[Records contained in a dataset]
-----
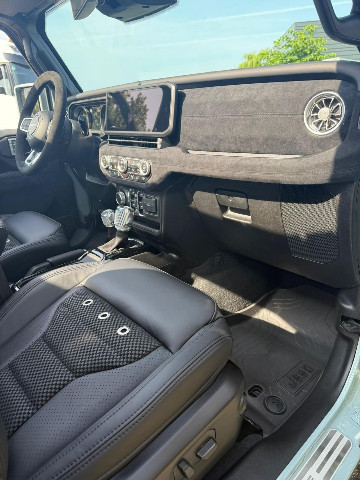 
                                                Voiture
                                                 Voiture 4x4 - Jeep Brute HYBRID - 168970€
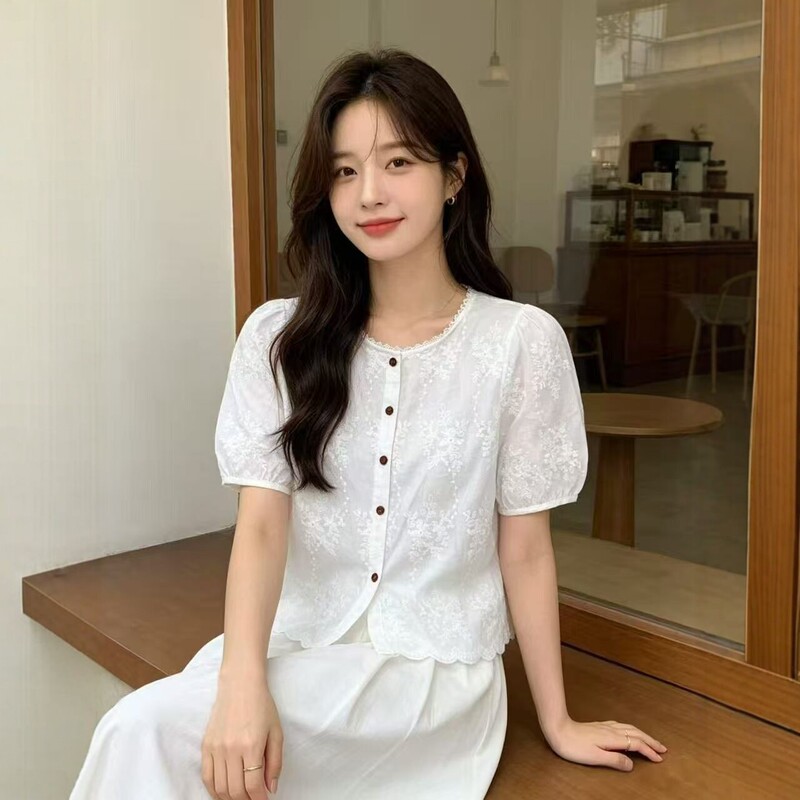 French-style lace short-sleeve shirt for women, new summer model, puff-sleeve white blouse, Korean-style loose top, wholesale French-style lace short-sleeve shirt for women, new summer model, puff-sleeve white blouse, Korean-style loose top, wholesale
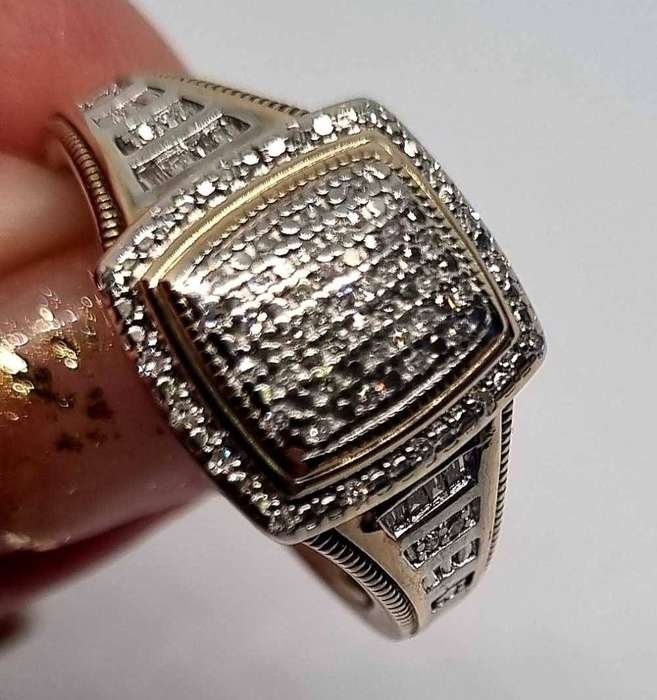 9ct Yellow and White Gold Diamond Ring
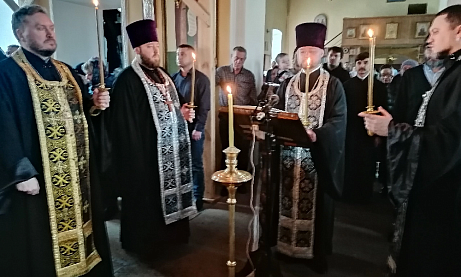 Протоиерей Александр Филиппов совершил повечерие с чтением четвертой части Великого покаянного канона преподобного Андрея Критского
-----
## Work task
Give back every entry in its exact wording, leaving the pictures out.

## Response to the exercise
                                                Voiture
                                                 Voiture 4x4 - Jeep Brute HYBRID - 168970€
 French-style lace short-sleeve shirt for women, new summer model, puff-sleeve white blouse, Korean-style loose top, wholesale French-style lace short-sleeve shirt for women, new summer model, puff-sleeve white blouse, Korean-style loose top, wholesale
 9ct Yellow and White Gold Diamond Ring
 Протоиерей Александр Филиппов совершил повечерие с чтением четвертой части Великого покаянного канона преподобного Андрея Критского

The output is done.